What happens to us in the time it takes to knit a scarf?

Life in the length of a scarf. Do I have time to pick my “obligatory” blog theme? Should I spend time with that? Making this page look all nice and pretty so that everyone wants to come look at my pretty pretty blog about absolutely nothing?

There are so many blogs. So many concepts. Maybe this one has even been done before. I wouldn’t know. I don’t really read blogs or know anything about them. I’m a Gen-X-Y Cusper. Geez, that sounds sort of hermaphroditic, doesn’t it? I should be twittering or something. Or Plus One’ing. That’s the new one right?
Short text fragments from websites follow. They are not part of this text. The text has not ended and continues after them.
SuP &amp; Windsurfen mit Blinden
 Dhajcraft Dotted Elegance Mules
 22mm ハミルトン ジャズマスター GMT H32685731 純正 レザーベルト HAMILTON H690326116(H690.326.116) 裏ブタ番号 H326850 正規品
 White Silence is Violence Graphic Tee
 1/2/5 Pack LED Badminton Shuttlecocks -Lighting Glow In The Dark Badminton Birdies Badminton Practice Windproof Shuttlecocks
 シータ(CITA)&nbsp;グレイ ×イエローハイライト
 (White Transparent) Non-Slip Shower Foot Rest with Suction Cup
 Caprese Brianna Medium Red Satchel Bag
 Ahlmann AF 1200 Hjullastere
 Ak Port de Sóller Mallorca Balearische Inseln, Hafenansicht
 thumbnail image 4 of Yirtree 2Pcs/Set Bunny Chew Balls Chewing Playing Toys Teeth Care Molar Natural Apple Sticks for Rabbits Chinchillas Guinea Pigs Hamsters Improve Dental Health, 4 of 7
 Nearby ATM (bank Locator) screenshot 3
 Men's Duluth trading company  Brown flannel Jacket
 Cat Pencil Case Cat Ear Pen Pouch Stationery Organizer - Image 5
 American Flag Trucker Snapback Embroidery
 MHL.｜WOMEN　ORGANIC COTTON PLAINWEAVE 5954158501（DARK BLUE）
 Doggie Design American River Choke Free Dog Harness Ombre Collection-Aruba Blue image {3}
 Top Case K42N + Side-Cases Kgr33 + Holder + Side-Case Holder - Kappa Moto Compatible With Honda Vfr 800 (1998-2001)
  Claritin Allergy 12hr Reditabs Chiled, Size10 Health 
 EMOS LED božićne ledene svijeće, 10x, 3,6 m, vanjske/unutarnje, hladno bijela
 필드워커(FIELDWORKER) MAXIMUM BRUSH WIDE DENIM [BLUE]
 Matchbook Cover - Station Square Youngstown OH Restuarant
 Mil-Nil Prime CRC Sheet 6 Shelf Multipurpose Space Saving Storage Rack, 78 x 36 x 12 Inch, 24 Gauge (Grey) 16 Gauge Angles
Truth be told? I don’t have cable television. I don’t have an I-Phone and I can’t even find my Ipod. But really? Make a mix CD, really, man. Make a MIX TAPE. Because if you really like a girl? Take the time to fucking do that, you know? If you’re wondering why romance is dead it’s because of technology. You can debate that all you want, um, whoever “you” are. But really. If a guy took the time to make a mixtape for me with songs that all remind him of me and us and our love and things we did and walks in the fucking park? Damn guys, you’d all be planning a wedding right now instead of reading this blog. But that’s right. You don’t want to have anything to do with the planning aspect. You just want “commitment”. Feminist rant? Nah. No time to get angry really. No time to get angry.

I have to knit this scarf. I frogged the one I was working on. I didn’t like the way the colorway was turning out. I don’t even know if that’s the correct term but I sure as fuck like using it.

So. Damn. This all happened before I started knitting the scarf. So it doesn’t count. So don’t read it. Stop reading this right now.

I told you to stop! This is before the project. But I came up with the idea for the project and then did this.

The time it takes to do something includes the time it takes to think of doing something.

That’s kind of depressing. Because I thought of this, frogged the old scarf, took pictures and video of me doing so, smoked a bowl and decided to be Ink Ogneato. Real original there. Ink.


So I guess….so I guess….if you really wanted to. You could smoke, turn on The Black Keys and then start reading this from the beginning and past the part where I said to stop reading because then you’d never get to this part.

Cast on, girl, cast on.

While you think about men. And how you can’t stop. Stop it. Wanting that feeling.